How to Schedule Pinterest Pins (Free and With Tools)

Consistency is everything on Pinterest, and scheduling makes it effortless. Here's how to schedule pins with Pinterest's free tool or a scheduler like Tailwind.

By 9 min read

The hardest part of Pinterest isn't creating pins — it's showing up consistently. Scheduling solves that. Instead of remembering to pin every day, you batch your work and let pins publish automatically on a steady rhythm. Here's how to schedule Pinterest pins with Pinterest's free built-in tool, when to reach for a dedicated scheduler, and the workflow that keeps it sustainable.

Method 1: Pinterest's free native scheduler

Pinterest has scheduling built right in, and for many creators it's all you need. To schedule a pin:

  1. Click Create and then Create Pin.
  2. Upload your image or video and fill in the title, description, and destination link.
  3. Near the publish button, choose Publish at a later date.
  4. Pick your date and time, then confirm.

The catch: the native scheduler lets you schedule up to about two weeks in advance, and you schedule one pin at a time. That's fine for a handful of pins a week, but tedious at higher volume.

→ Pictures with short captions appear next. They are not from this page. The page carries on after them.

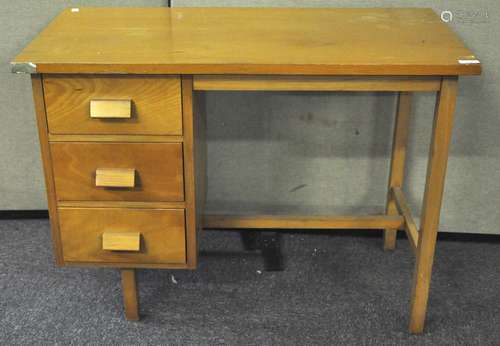 A 20th Century beech veneered desk having bank of three drawers,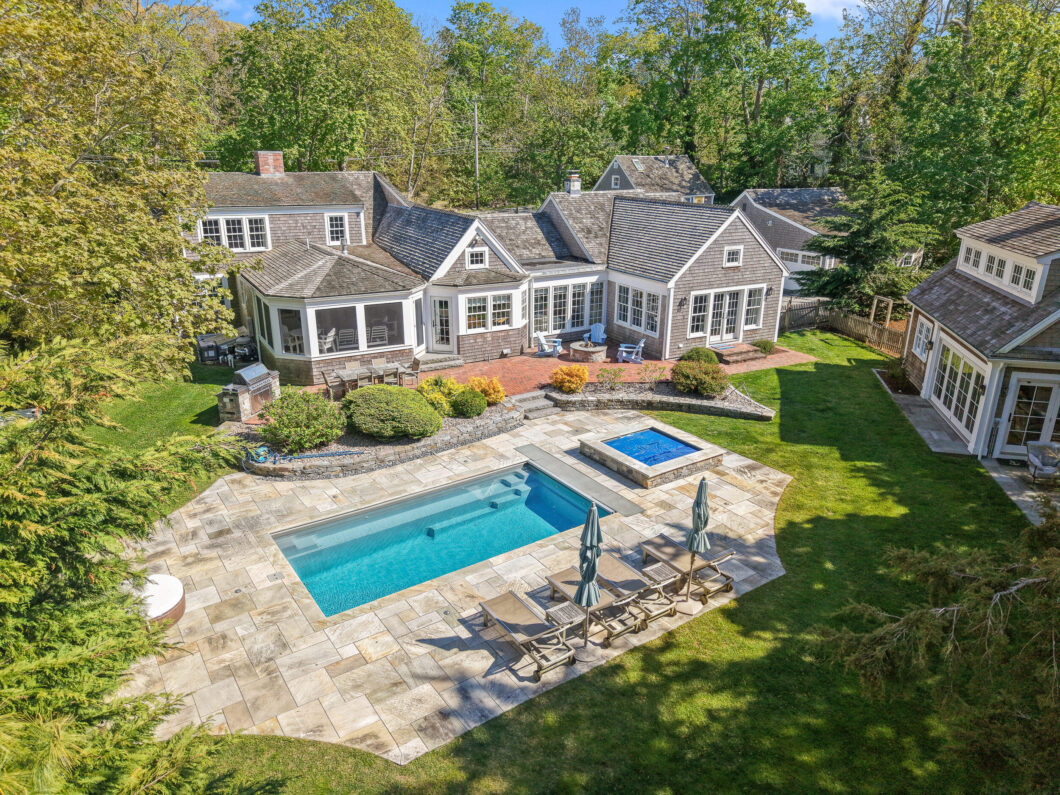 Aerial view of a gray shingled house with a large rectangular pool stone patio lounge chairs and surrounding trees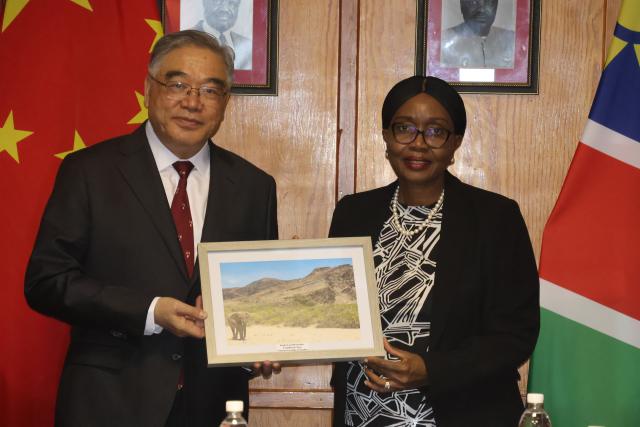 WINDHOEK, 27 May 2026 - Vice Chairperson of the National Committee of the China People’s Political Consultative Conference (CPPCC), Zhu Yongxin (L), and National Assembly Speaker, Saara Kuugongelwa-Amadhila (R) exchange gifts during a visit by a Chinese delegation to Parliament. (Photo by: Ali Negumbo) NAMPA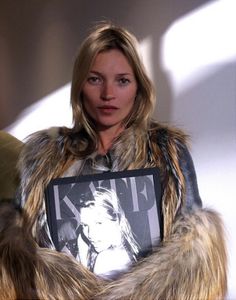 a woman in fur coat holding up a magazine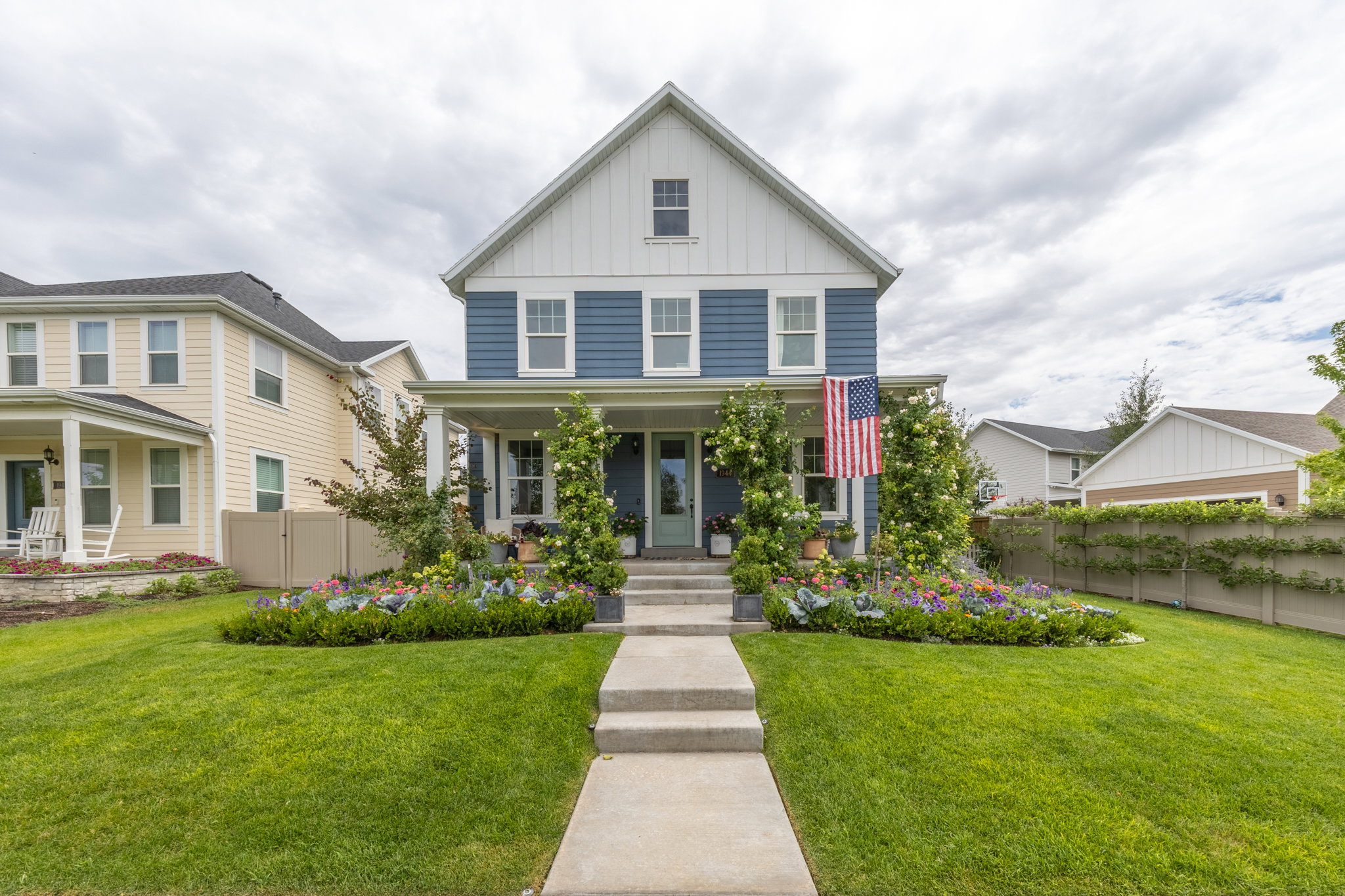 Blue facade home featuring a white gable, white window trim, and dark shutters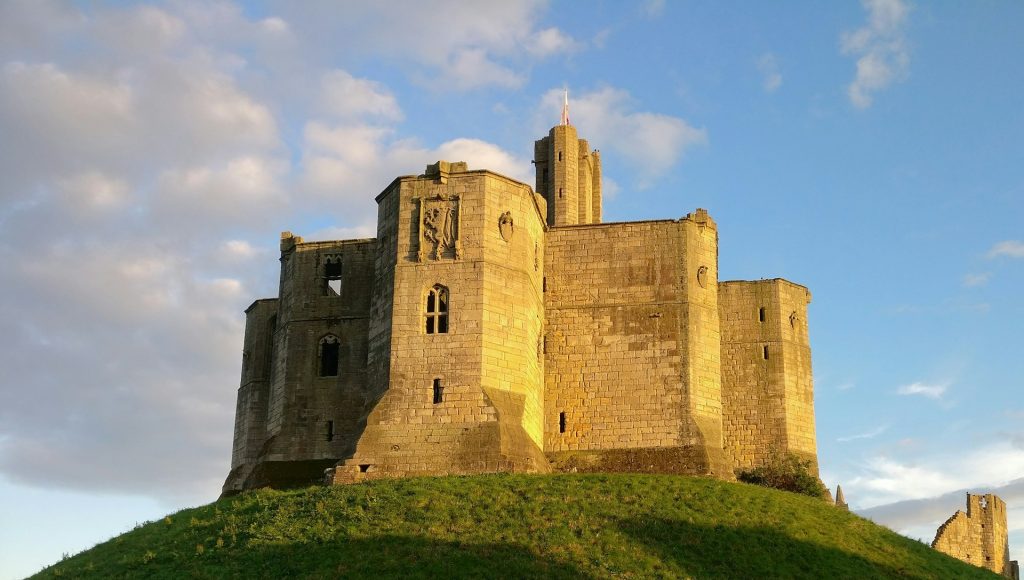 Sun shining on Warkworth Castle in Northumberland.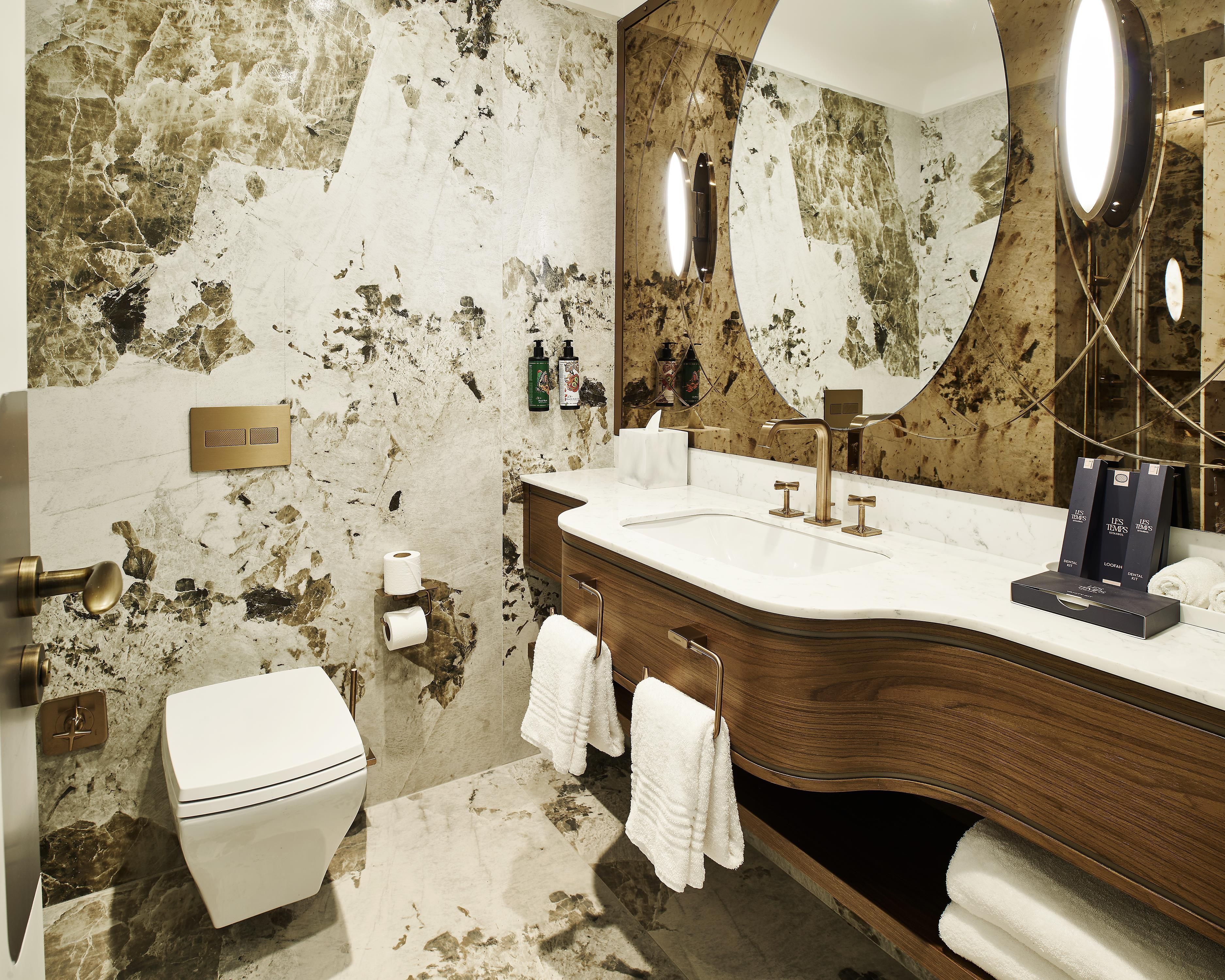 A bathroom with a marble wall, a toilet, a sink with a mirror, and a towel rack.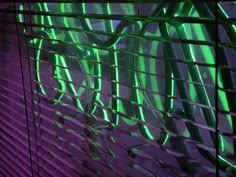 the blinds in this room are covered with green and purple lights, as well as bicycles on them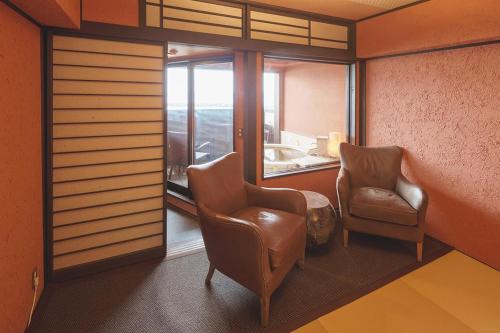 伊豆阿如栖旅馆的一间设有两把椅子和窗户的等候室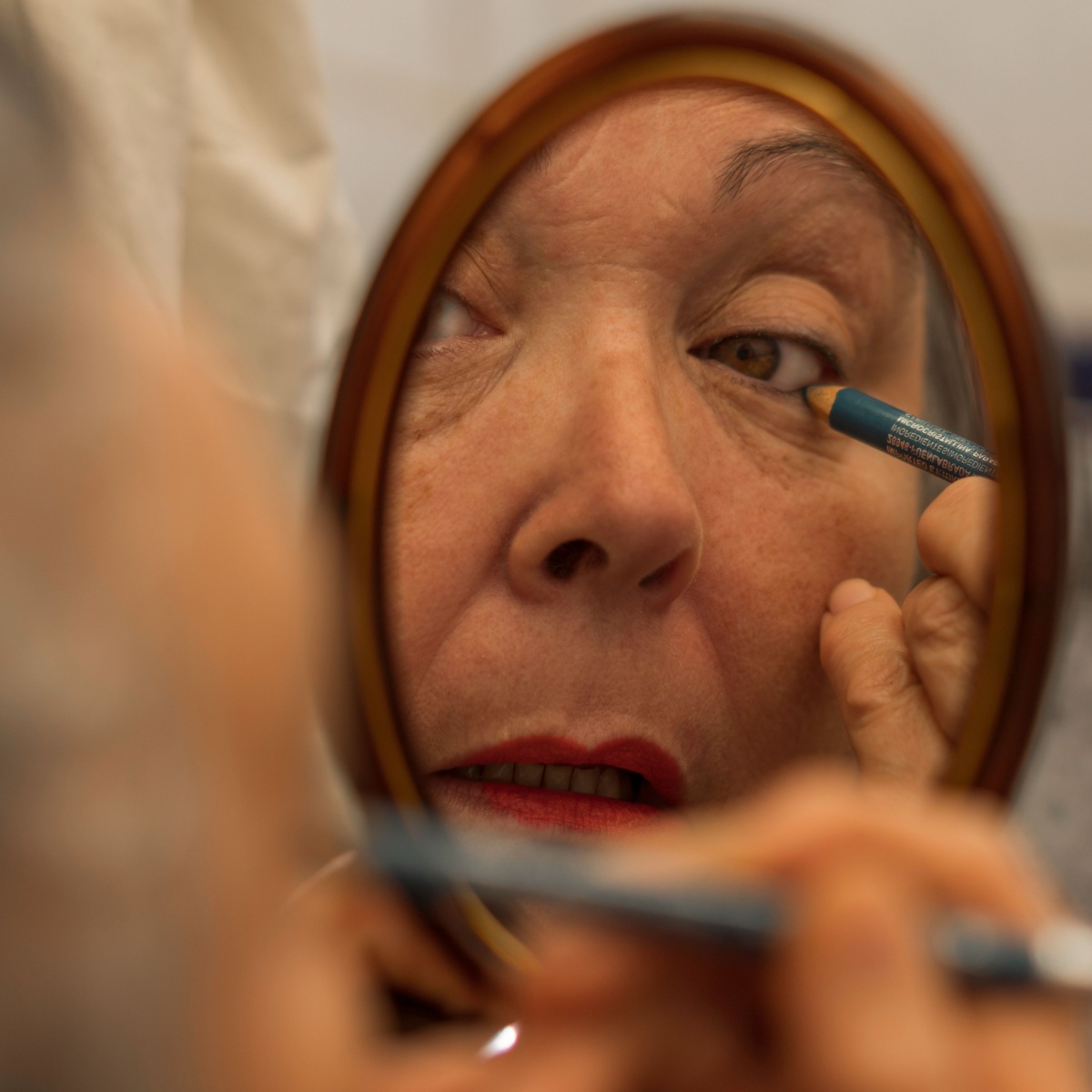 older woman wearing eyeliner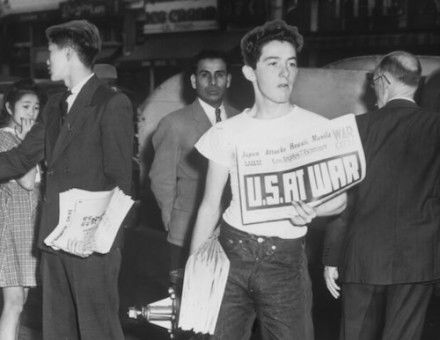 Newsboys in Little Tokyo, their papers carrying news of Pearl Harbor, 7 December 1941. University of Southern California.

Method 2: A dedicated scheduler like Tailwind

Once you're publishing more than a few pins a week, an approved third-party scheduler saves serious time. Tailwind is the best-known Pinterest marketing partner, and tools like it add:

  • Bulk uploading — queue dozens of pins at once.
  • Interval scheduling — automatically space the same pin across boards over days or weeks.
  • Suggested best times — publish when your audience is most active.
  • A visual queue — see and rearrange your upcoming pins at a glance.

Most schedulers have a free tier to start, with paid plans as your volume grows. Whatever tool you pick, make sure it's an official Pinterest partner so it plays nicely with the platform.

How often should you pin?

Forget the old "pin 30 times a day" advice. Pinterest now values quality and freshness over sheer volume. A realistic, sustainable target is a handful of fresh pins spread through each day or week. The number matters far less than the consistency — an account that pins a little every day signals reliability better than one that posts fifty pins and vanishes.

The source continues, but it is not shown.